Lo mejor del movimiento #metoo va dirigido, según lo veo, a acelerar ese proceso de modificación social de las conductas, pues el comportamiento de los abusadores no depende –como tantos ingenuos bienpensantes y algunos poetas creen– de la consistencia de los argumentos éticos o jurídicos contra ellos, sino de la eficacia de la sanción a la que pueden enfrentarse y, en este punto, terminaría con una precaución: la sanción jurídica no es mayor que la social –la sanción más cruel correspondió al ámbito socio-religioso: el temor al infierno como castigo eterno ordenó las conductas en Europa durante más de mil años.

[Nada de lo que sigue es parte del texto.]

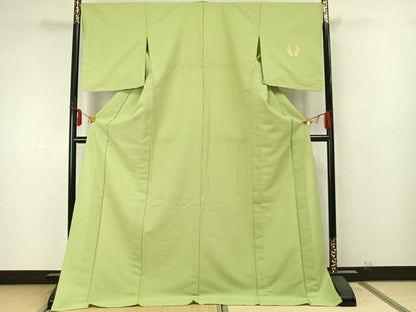 平和屋着物▽色無地 ワンポイント 単衣 若苗色 金彩 ロング丈 洗える着物 AABA7549fy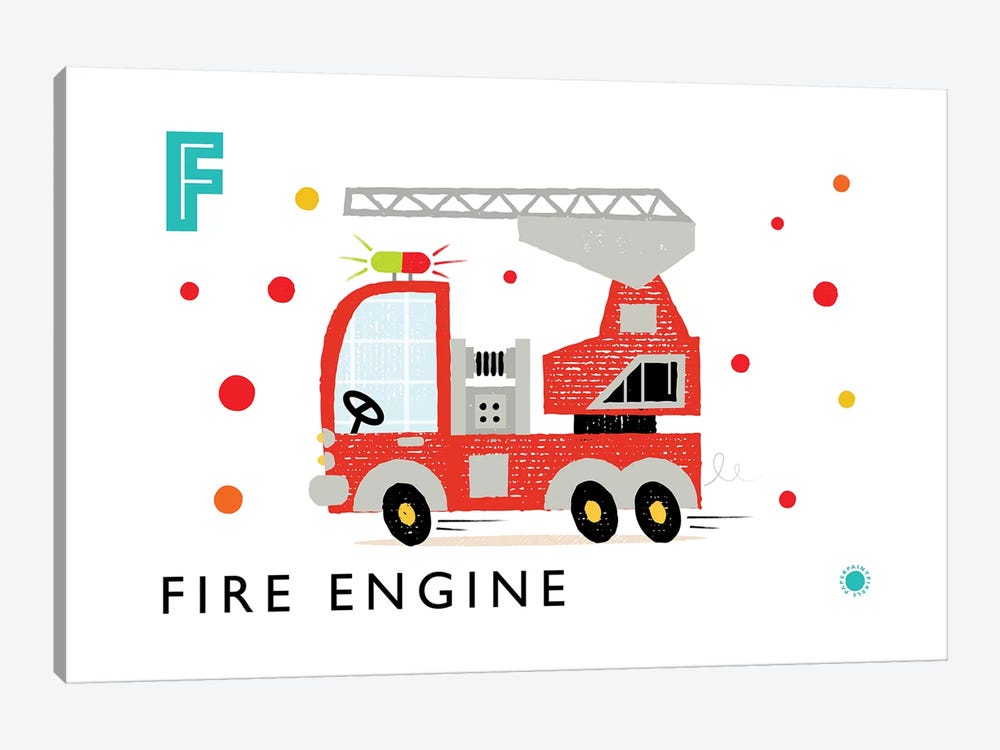 F Is For Fire Engine by PaperPaintPixels 1-piece Art Print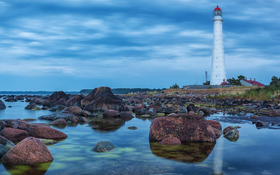 Amazing lighthouse on the beach of Hiiumaa island, Hiiu County, Estonia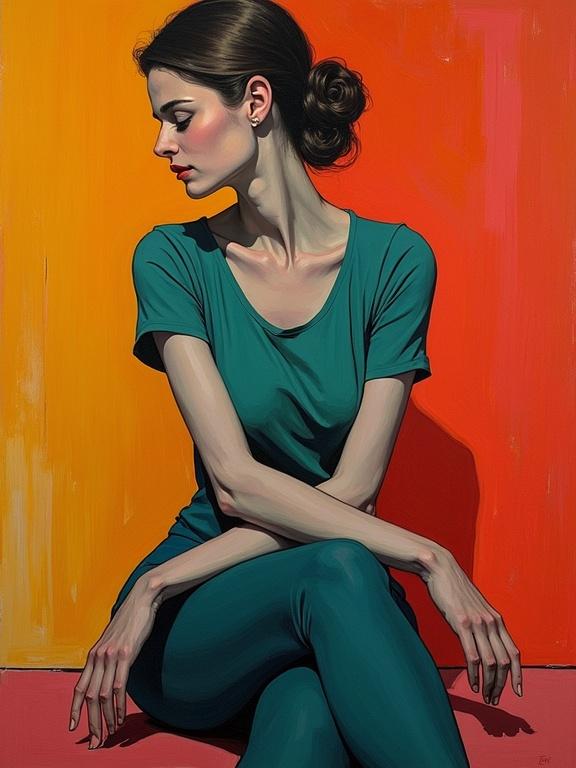A woman in deep contemplation, styled after Matisse, seated with her hands clasped and body turned, showcasing vibrant colors and expressive features.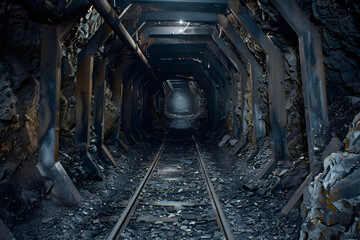 Fototapeta na wymiar Mine tunnel with path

El juicio del derecho está institucionalizado y rodeado de garantías (presunción de inocencia, principio de contradicción, etc.) no así la acusación pública en otras instancias, si el derecho corta (en bella expresión de Massimo Latorre) las condenas morales contra artistas del pasado en la época veloz de las nuevas tecnologías cortan mucho más por eso hay que manejarlas con cautela y, si es posible, con sabiduría, pues pueden volverse contra las justas causas que defendemos.
Hermosos: filmes de Deneuve, Allen y Polanski.
Malditas: agresiones sexuales, chantajes y abusos de poder.